Bu anlayışla hem bireysel hem de ticari tarafta verdikleri finansman desteğinde hız kesmeyerek ülke ekonomisine 76 milyar liralık katkı sağladıklarını bildiren Akşam, kullandırılan fonları yüzde 29, gayrinakdi finansmanları ise yüzde 55 büyütmelerinde bu stratejinin payının büyük olduğunu vurguladı.

Akşam, ‘Aktif büyüklüğümüz 2020 yılı aralık sonuna göre yüzde 42 artışla 116 milyar TL’ye ulaştı. Ayrıca, sürdürülebilir büyümenin devamı için gerekli olan güçlü sermaye yapımızı koruyup yasal öz kaynaklarımızı yüzde 35 arttırarak 10 milyar TL’nin üzerine çıkarttık.’ ifadelerini kullandı.
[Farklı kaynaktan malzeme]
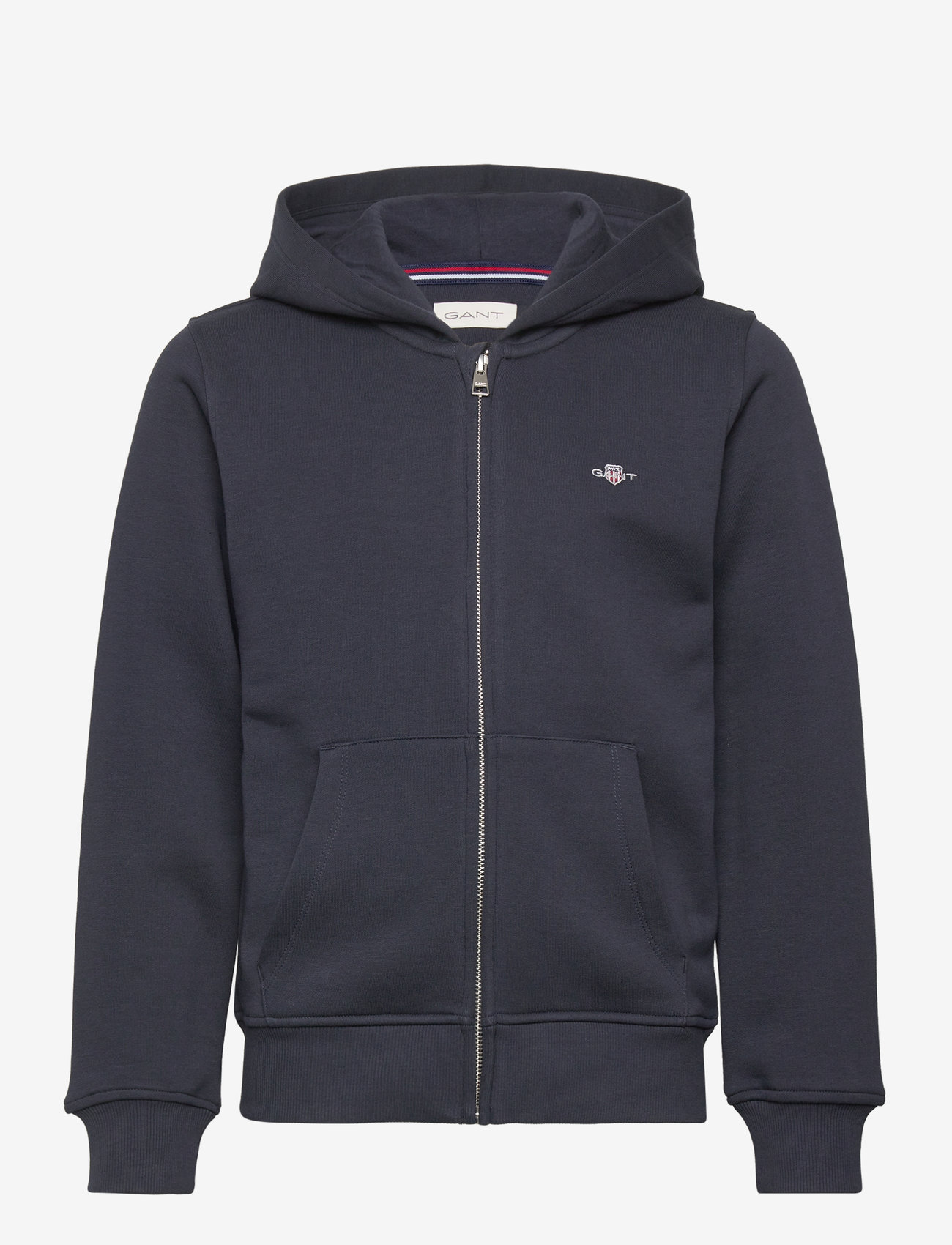 GANT - SHIELD ZIP HOODIE - kapuzenpullover - evening blue - 0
Türkiye Finans olarak 2022 yılında ilk 10 banka arasına girme hedefini koruduklarını belirten Akşam, Banka’nın ana stratejilerinden birinin üretim, ticaret ve ihracata katkı sağlamak olduğunu kaydetti.

Bu alanlarda büyümenin öncülüğünü yapacaklarını, dijital bankacılık yetkinlikleriyle insan odaklı bankacılık anlayışını harmanlayarak toplumun farklı kesimlerini fonlamanın yanı sıra reel sektöre nakdi ve gayrinakdi finansman desteği sunmaya devam edeceklerini bildiren Akşam, ‘Türkiye’nin üreticisi, esnafı ve finans kuruluşlarıyla yılda en az 500 milyar dolar ihracat yapabilecek kapasitede olduğunu biliyor ve bu hedefi yakalayacağımızı öngörüyoruz. Türkiye Finans olarak bu hedefin gerçekleşmesi için toplumun farklı kesimlerine her türlü desteği vermeye hazırız.’ ifadelerini kullandı.
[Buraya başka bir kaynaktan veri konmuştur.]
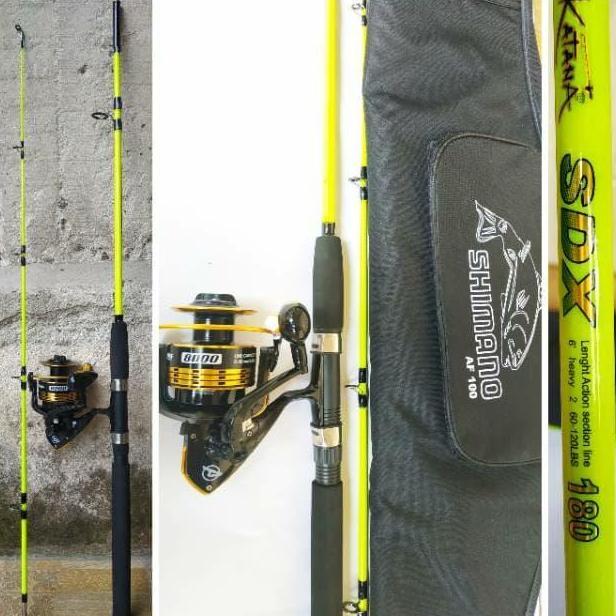 // SET PANCING KHUSUS LAUT MAGURO AVENGERS 8000 KEKUATAN 30-120KG //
– Toplanan fonlar içerisinde TL’nin payını yüzde 37 arttırdı

Murat Akşam, Türkiye Finans’ın 2021 yılında toplanan fonlarını yüzde 47 büyütürken, müşterilerine TL birikimlerini yüksek getiriyle değerlendirebilecekleri ürünler sunarak TL fonlarını toplanan fonlar içerisinde yüzde 37 arttırdığını belirtti.

Sürdürülebilir bir büyüme için TL tasarruflarının hem Türkiye hem de sektör için çok önemli olduğunu vurgulayan Akşam, 2021 yılında piyasaların en dalgalı olduğu dönemler dahil olmak üzere vatandaşlara TL üzerinden birikim yapmaya çağrıda bulunduklarını aktardı.

TL likiditesini başarıyla yönettiklerini belirten Akşam, şunları kaydetti:

‘Bizim için küçük birikim yoktur, bütün birikimler büyüktür ve çok değerlidir. Bu anlayışımızın bir göstergesi olarak müşterilerimize, emek ve özveri ile elde ettikleri birikimlerini en doğru şekilde değerlendirmelerine destek olmak amacıyla TL üzerinden çeşitli fon paketleri sunarak hızlı, kolay ve basit çözümlerle onların yanında olmayı sürdürdük. Ayrıca, 2021 yılı sonunda yürürlüğe giren kur korumalı TL mevduat modeline çok hızlı uyum sağlayarak piyasaya üç farklı katılma hesabı sunmayı başardık ve bu sayede toplam fon hacmimiz içerisinde dolarizasyonun aşağı yönlü çekilmesinde aktif rol aldık.’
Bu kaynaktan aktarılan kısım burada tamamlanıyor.